Michèle Müller, istruttrice di meditazione svizzera
“Esiste una reazione giusta alla diagnosi di tumore al seno? Il mio compagno di allora ha pronunciato le parole giuste per me in quel momento: “Morire non è un’opzione!” Io ero rimasta impietrita. Guardavo i miei figli e cercavo di riordinare i pensieri. Mi hanno aiutato mia mamma e la mia migliore amica, mi hanno sostenuta, semplicemente c'erano e condividevano la mia sofferenza”, racconta Michèle, “non direi che sono grata per la diagnosi, ma sono sicuramente grata per la donna che sono diventata attraverso di essa. Ho ritrovato me stessa, sono di nuovo in armonia con il mio corpo e il mio intuito. Ho trovato la mia strada nella meditazione e grazie ad essa ora posso anche aiutare gli altri”.
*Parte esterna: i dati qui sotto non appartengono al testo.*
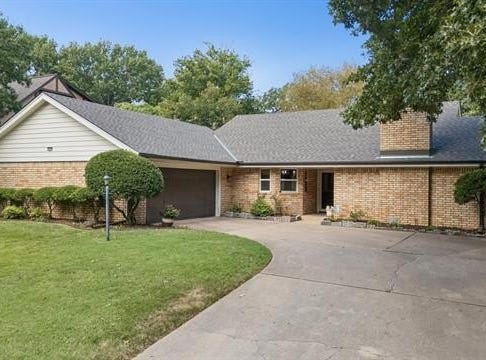 5839 E 78th Place, Tulsa, OK 74136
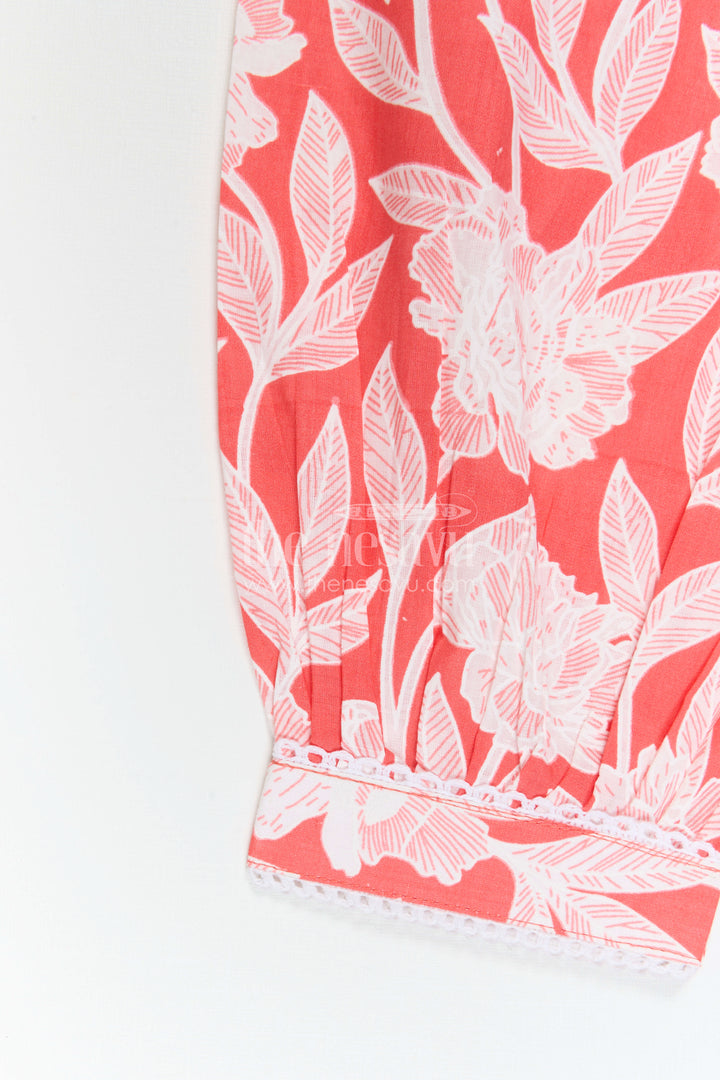 Girls Co Ord Set for Summer Playfuldate and Casual Wear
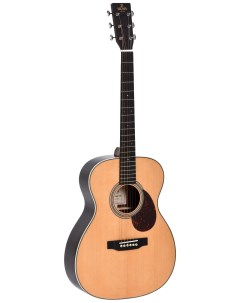 Акустическая гитара SOMR 28 Sigma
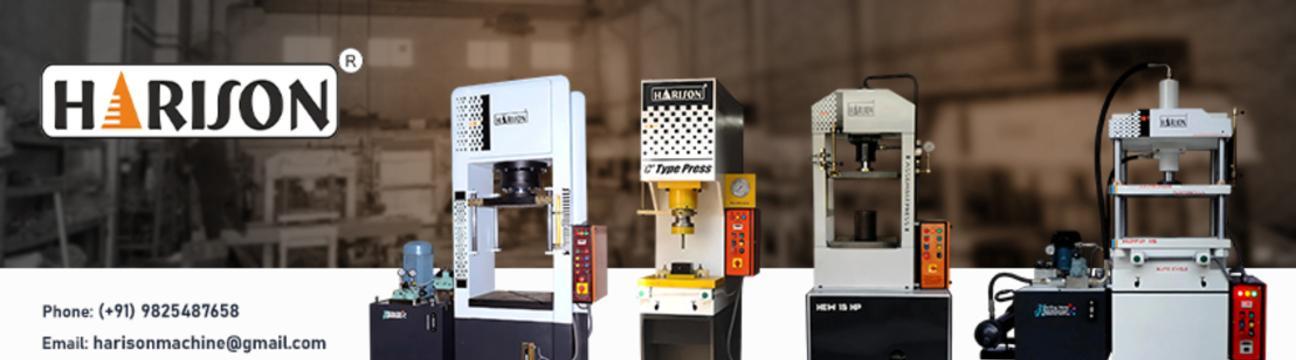 Hari Engineering Works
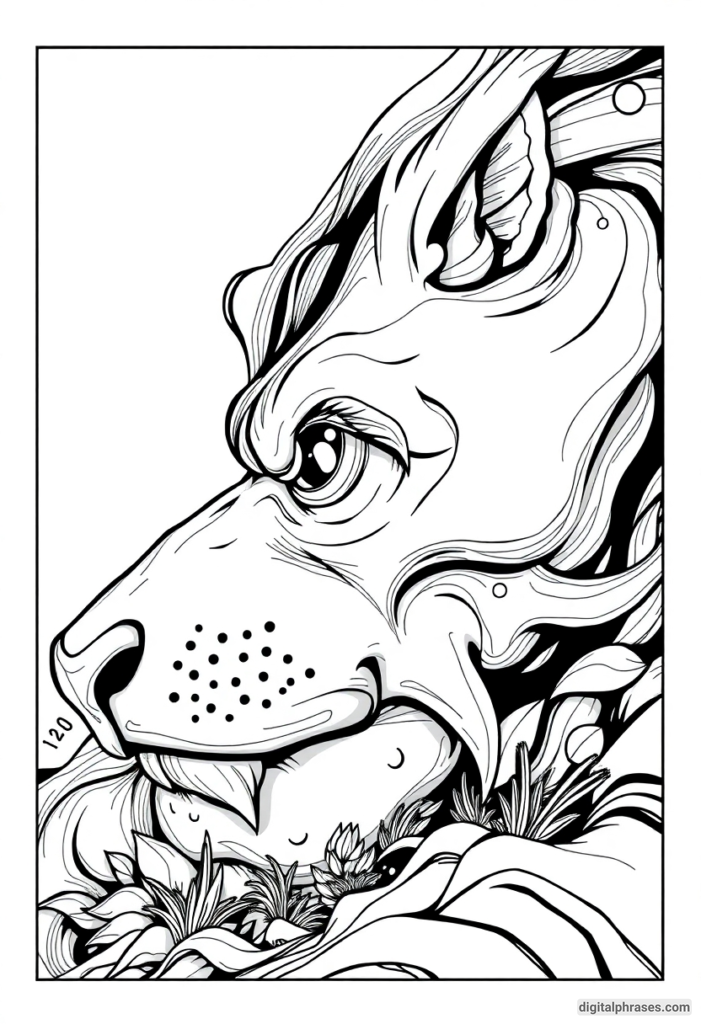 45 Coloring Pages For Kids (Easy, Simple, Cute, Creative and Fun) 45 Coloring Pages For Kids (Easy, Simple, Cute, Creative and Fun)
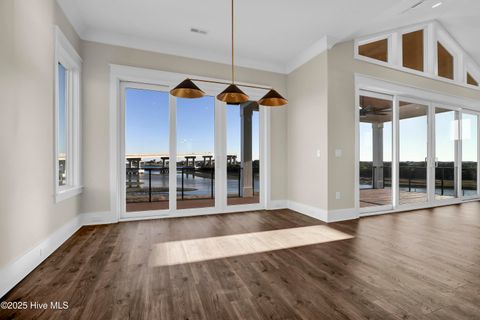 Tiny photo for 113 Diamond Point Court, Surf City, NC 28445 (MLS # 100544743)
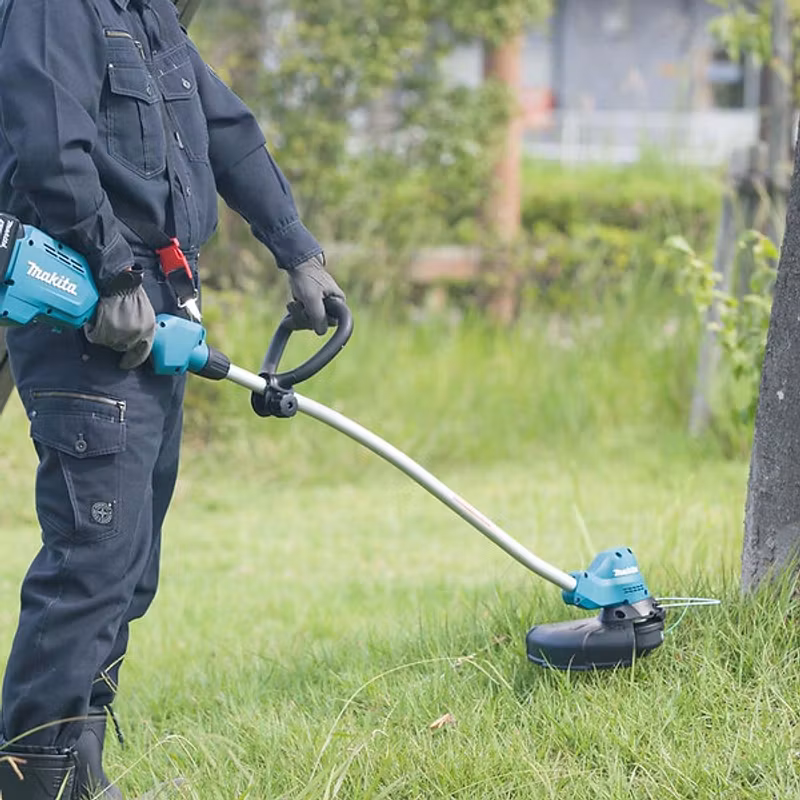 Makita DUR189Z grästrimmer 18V SOLO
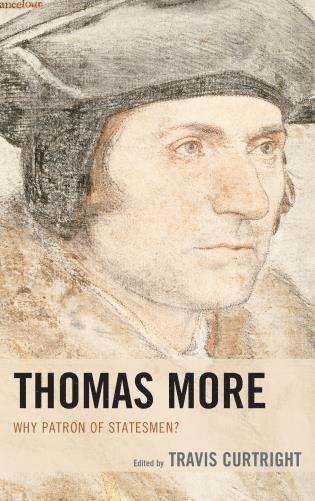 bokomslag Thomas More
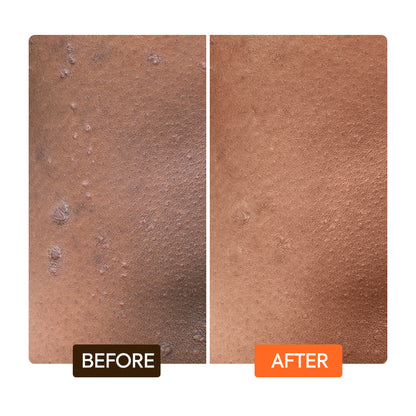 Extremes Argan &amp; Karotten tonisierendes Glycerin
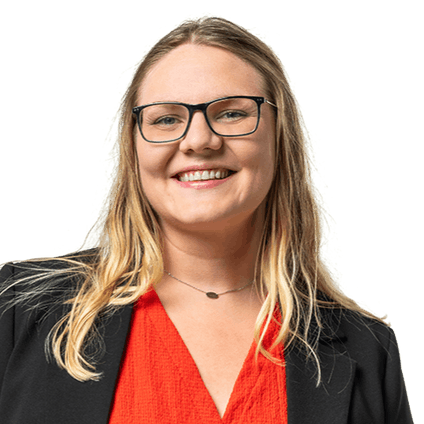 Susanna van Tonder
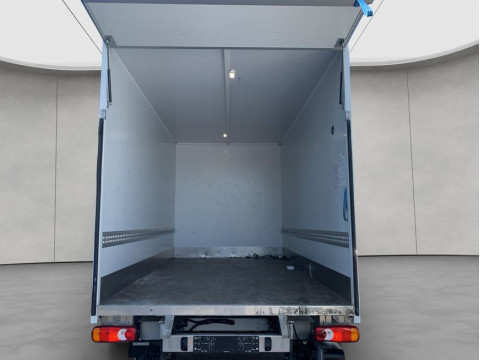 Ansicht 5 - Gebrauchtwagen Fahrzeug, Modell Interstar der Marke Nissan von Verkäufer Autohaus am Handweiser GmbH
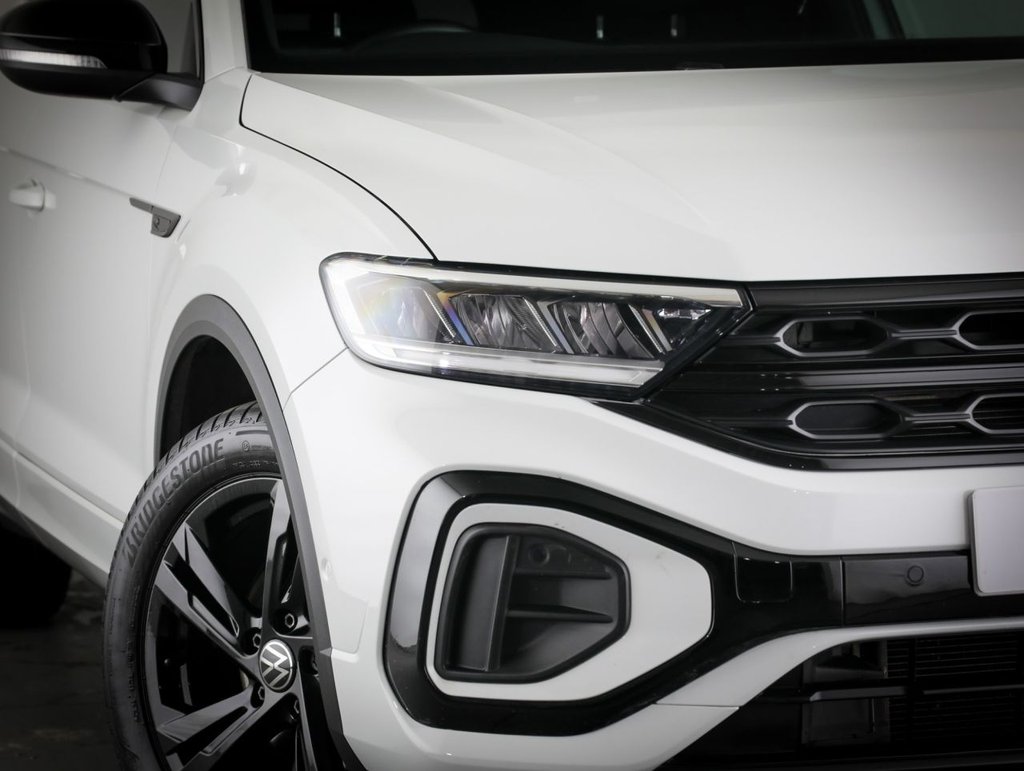 Used Volkswagen T-Roc 2022 for sale - 77692918: Photo 12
Cristina Inés Gill, autrice spagnola
“Se prima vivevo in punta di piedi, ora impiego tutta la mia forza per lasciare il segno. Sono la madre di due bambine, amante della natura e dello sport. Prima ero quello che la vita mi permetteva di essere, ora sono quello che io voglio essere!”, racconta Cristina Inés, "perché io sono molto di più di questo, ho una storia, e in questa storia ci sono 29 sedute di chemioterapia, 29 sedute di radioterapia, 3 interventi chirurgici e una mastectomia bilaterale. Quando ho ricevuto la diagnosi di tumore al seno, avevo la sensazione di aver vissuto soltanto la metà della mia vita, che il tempo per me si fosse improvvisamente fermato, che fossi più vicina alla morte che alla vita. È allora che ho iniziato ad accettare la situazione, perché sono sicura di una cosa: per andare avanti, per superare le cose, bisogna prima accettarle. Ho ricevuto soprattutto l’aiuto dei miei genitori e della mia migliore amica. Erano al mio fianco, mi hanno sostenuta e hanno reso più sopportabile la diagnosi: senza di loro sarebbe stato tutto più difficile. Da questa malattia di cose ne ho imparate tante da volerle condividere con altre persone che si trovano nella mia stessa situazione. Concedetevi anche di piangere, di sentire il dolore e di crollare. Ma non dimenticatevi mai, poi, di rialzarvi e di andare avanti, perché vale così tanto la pena di lottare per quello che questa malattia ci vorrebbe portare via, cioè la vita, la nostra vita”.